### Problem statement
Set down the entries exactly as they appear, apart from the images, which stay out.
-*-
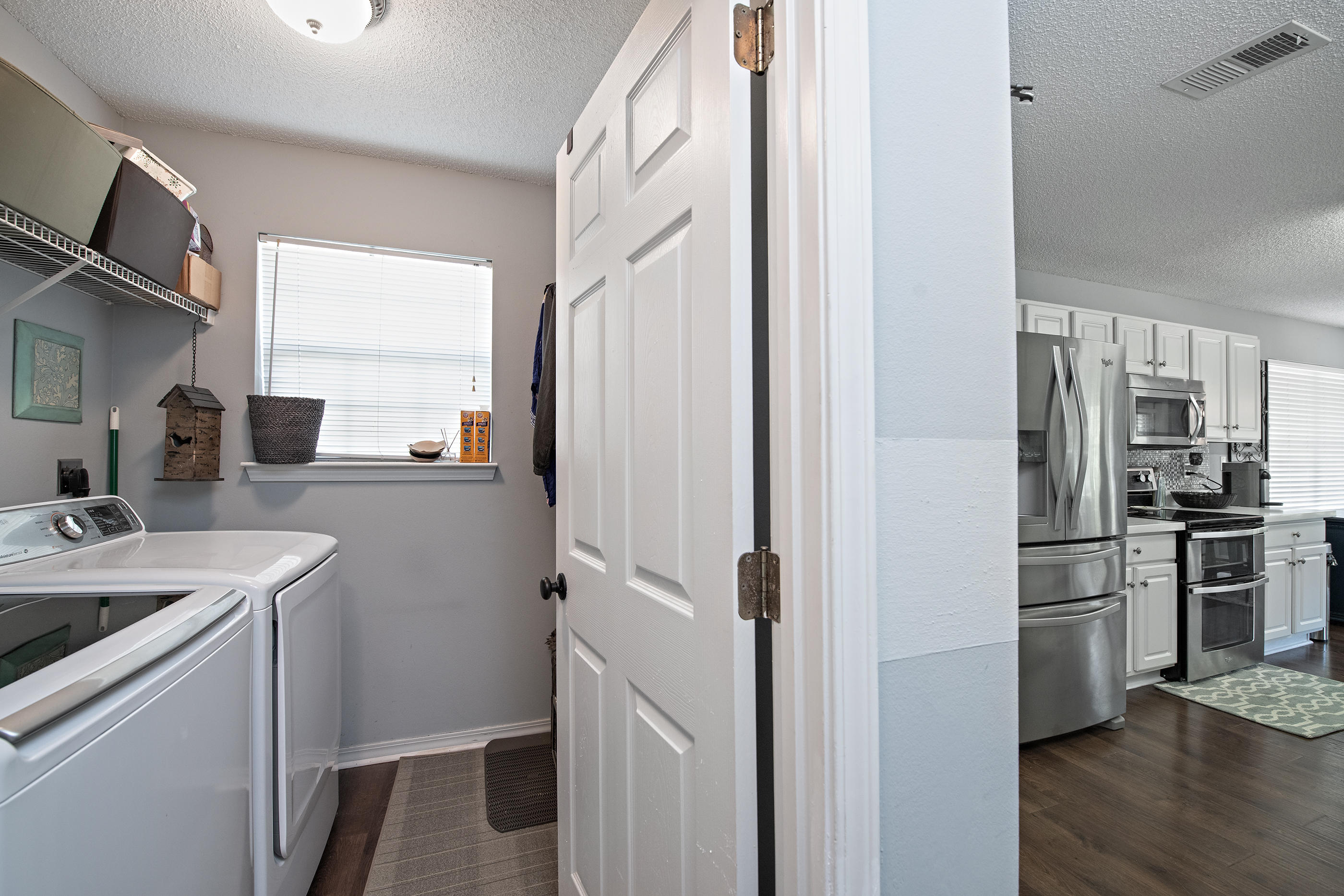 LIGHTHOUSE POINTE UNIT 3 - Residential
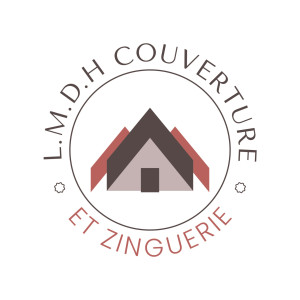 Photo de galerie - Couverture - Toiture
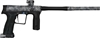 Planet Eclipse Etha3 Paintball Gun - HDE Urban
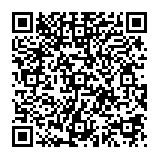 www.house-info.idv.tw房屋網-北投四季溫泉廣場,四季溫泉廣場,台北四季溫泉廣場-QRCode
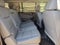 2016 Chevrolet Suburban 2WD 4dr 1500 LT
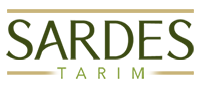 Sardes Logo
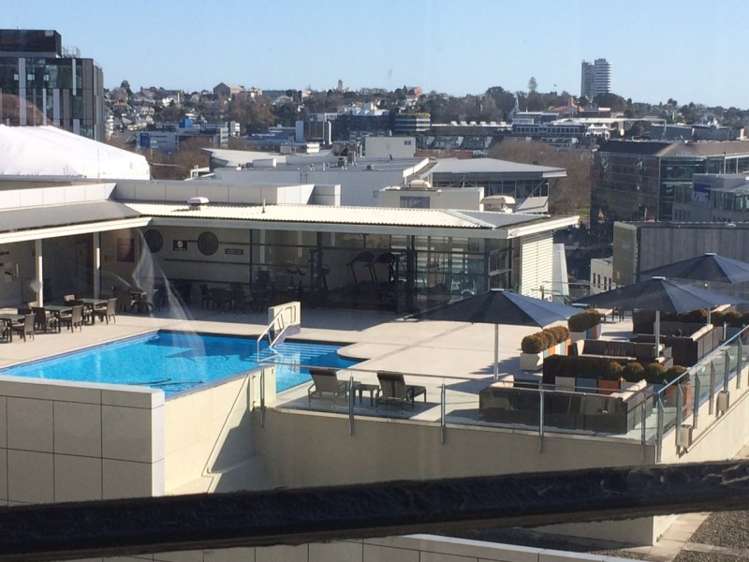 707/35 Hobson Street Auckland Central_7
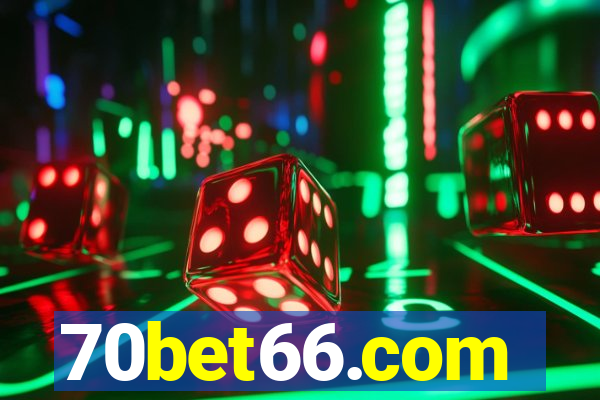 70bet66.com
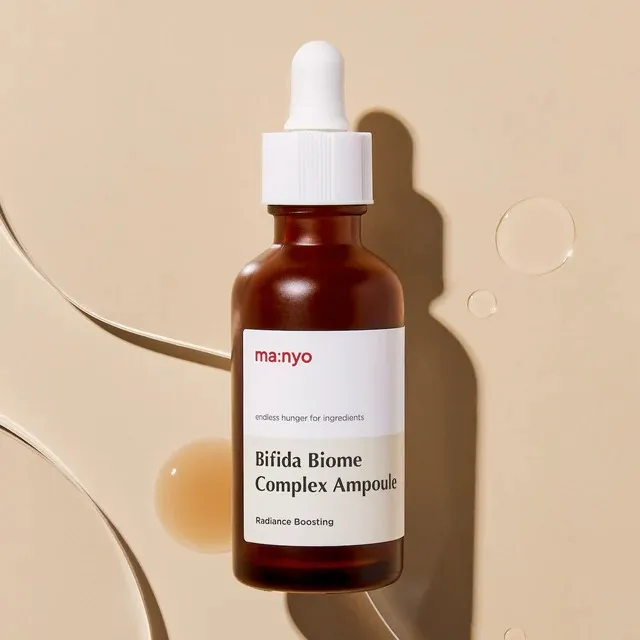 shi-korean-beauty-manyo-bifida-biome-complex-ampoule-1.jpg
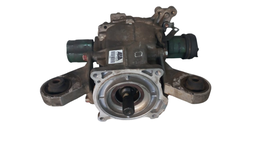 DIFERENCIAL TRASEIRO OUTLANDER 3.0 V6 2008 2009 A 2013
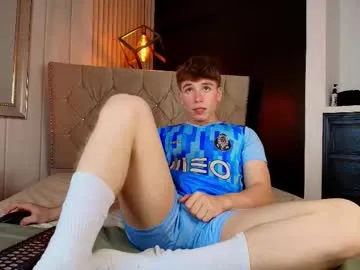 SusanMax – webcam model profile photo Image 10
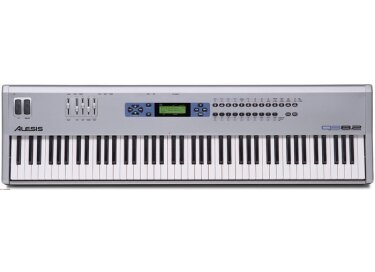 Alesis QS8.2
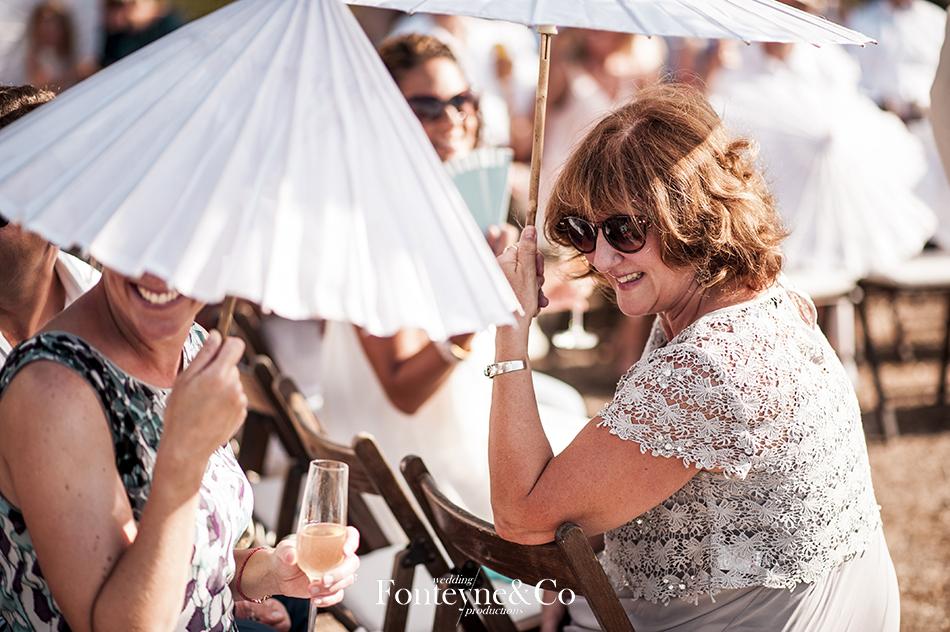 Megan&Dan by Fonteyne&Co_0130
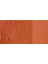 Huile Fine Xl 37 Ml Yağlı Boya No42 Red Ochre 1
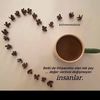 ayka_786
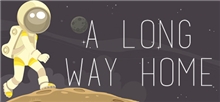 A Long Way Home (Voucher - Kód ke stažení) (PC)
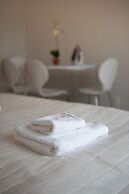 Säffle Suites - By Svaneholm Hotel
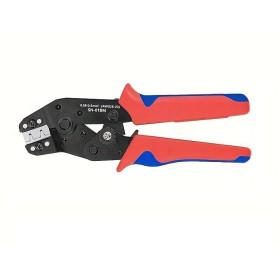 Cleste sertizat SN-01BM XH2.54 si PH2.0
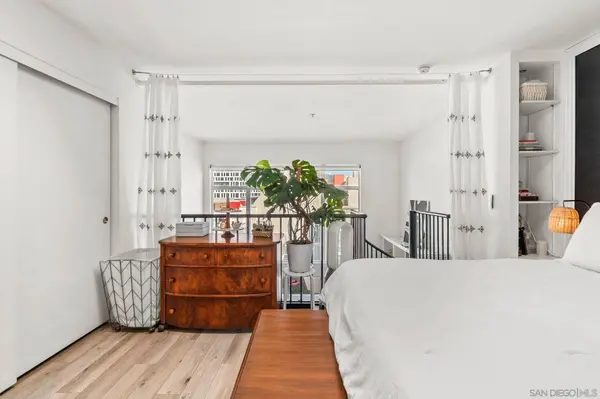 221 Island #503, San Diego, CA 92101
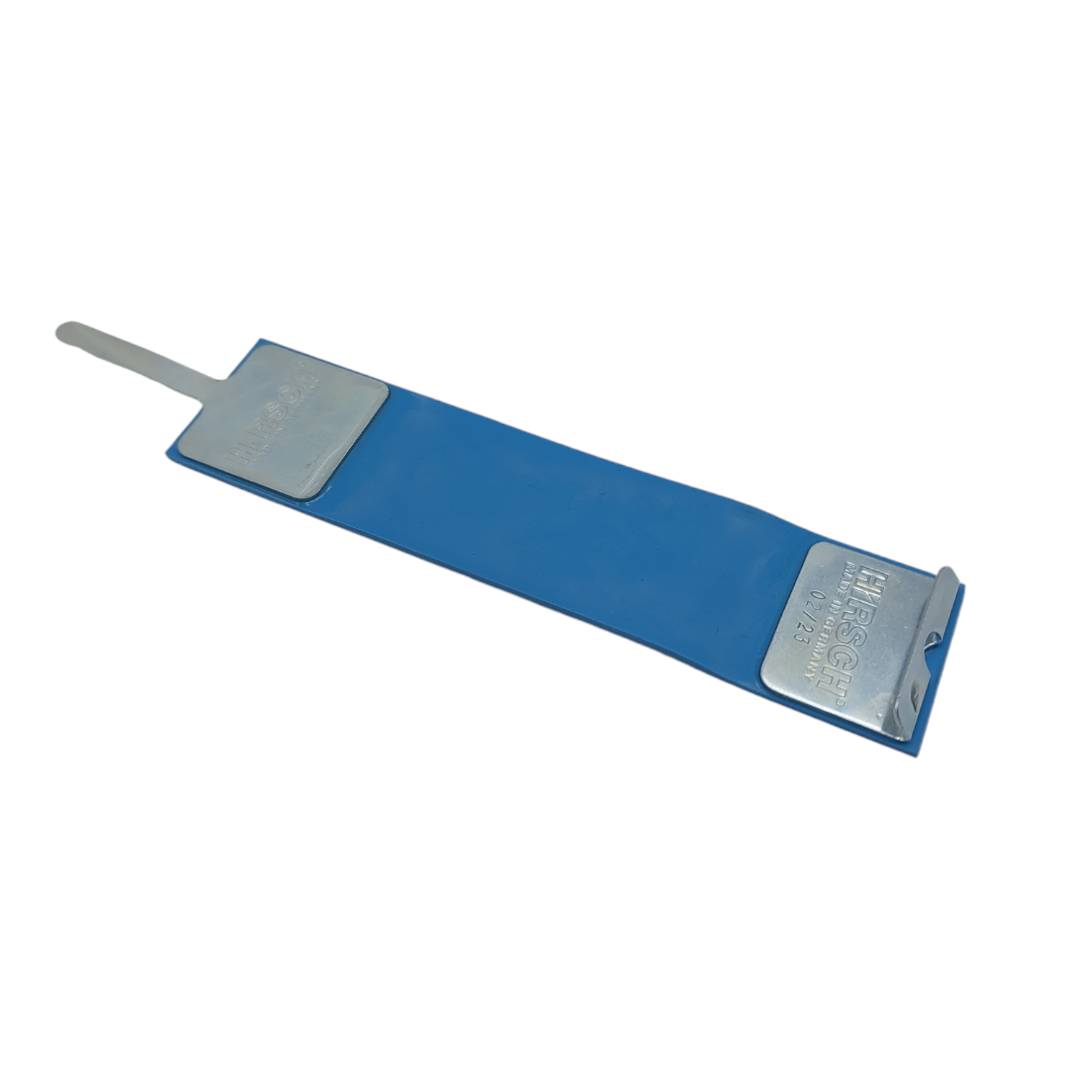 4CB85631 - TENSION BAND 76 MM (3 INCH)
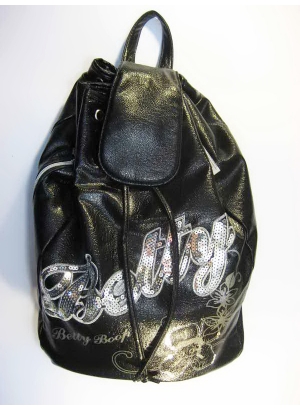 2205B Сумка молодіжна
-*-
### Exercise answer
 LIGHTHOUSE POINTE UNIT 3 - Residential
 Photo de galerie - Couverture - Toiture
 Planet Eclipse Etha3 Paintball Gun - HDE Urban
 www.house-info.idv.tw房屋網-北投四季溫泉廣場,四季溫泉廣場,台北四季溫泉廣場-QRCode
 2016 Chevrolet Suburban 2WD 4dr 1500 LT
 Sardes Logo
 707/35 Hobson Street Auckland Central_7
 70bet66.com
 shi-korean-beauty-manyo-bifida-biome-complex-ampoule-1.jpg
 DIFERENCIAL TRASEIRO OUTLANDER 3.0 V6 2008 2009 A 2013
 SusanMax – webcam model profile photo Image 10
 Alesis QS8.2
 Megan&Dan by Fonteyne&Co_0130
 Huile Fine Xl 37 Ml Yağlı Boya No42 Red Ochre 1
 ayka_786
 A Long Way Home (Voucher - Kód ke stažení) (PC)
 Säffle Suites - By Svaneholm Hotel
 Cleste sertizat SN-01BM XH2.54 si PH2.0
 221 Island #503, San Diego, CA 92101
 4CB85631 - TENSION BAND 76 MM (3 INCH)
 2205B Сумка молодіжна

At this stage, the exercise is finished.